A moral do romance, ao trazer sua crítica à ética (e à política) lírica, parece inocular em si mesma seu próprio veneno; a compreensão paralisa qualquer ação possível. Agir será sempre mal compreender alguma faceta da existência. A ação, do ponto de vista da sabedoria que a julga, será sempre incompleta, mutilada, precipitada. Pode-se argumentar que a moral romanesca não tem a pretensão de responder a essa pergunta ou de oferecer um princípio de ação. Mas a pergunta pela ação, já que estamos vivos, é inevitável. Enquanto sujeitos-no-mundo, se rejeitarmos o lirismo ético, precisaremos substituí-lo. Se não por uma ética romanesca, então pelo quê?

Referências

BAUDELAIRE, Charles. Sobre a modernidade: o pintor da vida moderna. Organizador: Teixeira Coelho. Rio de Janeiro, Paz e Terra, 1996.

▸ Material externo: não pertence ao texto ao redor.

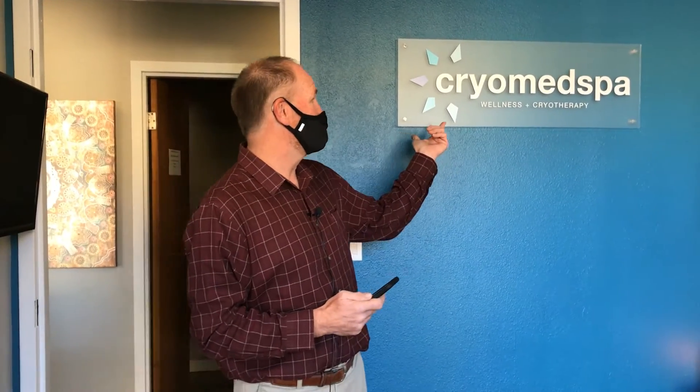Jack Llewellyn from the Chamber of Commerce here with the Member Moment, and we are down here at Cryo Med Spa Wellness and Cryotherapy. So follow me — they've got some incredible things back here, but one of the biggest things they offer is boosting our immunity. Right now with winter coming on, we want to boost our immunity, especially with COVID and flu season around the corner.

BAUDELAIRE, Charles. As flores do mal. Tradução: Ivan Junqueira. Rio de Janeiro, Nova Fronteira, 2006.

BENJAMIN, Walter. Magia e técnica, arte e política: ensaios sobre literatura e história da cultura. Tradução: Sérgio Paulo Rouanet. São Paulo, Brasiliense, 8ª edição, 2012.

CALASSO, Roberto. A Folie Baudelaire. Tradução: Joana Angélica d´Avila Melo. São Paulo, Cia das Letras, 2012.

KUNDERA, Milan. A cortina: ensaio em sete partes. Tradução: Teresa Bulhões Carvalho da Fonseca. São Paulo, Cia das Letras, 2006.

KUNDERA, Milan. A arte do romance. Tradução: Teresa Bulhões Carvalho da Fonseca. São Paulo, Cia das Letras, 2009.

KUNDERA, Milan. A vida está em outro lugar. Tradução: Denise Rangé Barreto. São Paulo, Cia das Letras, 2012.

ROSENFELD, Anatol. O teatro épico. São Paulo, Perspectiva, 6ª edição, 2011.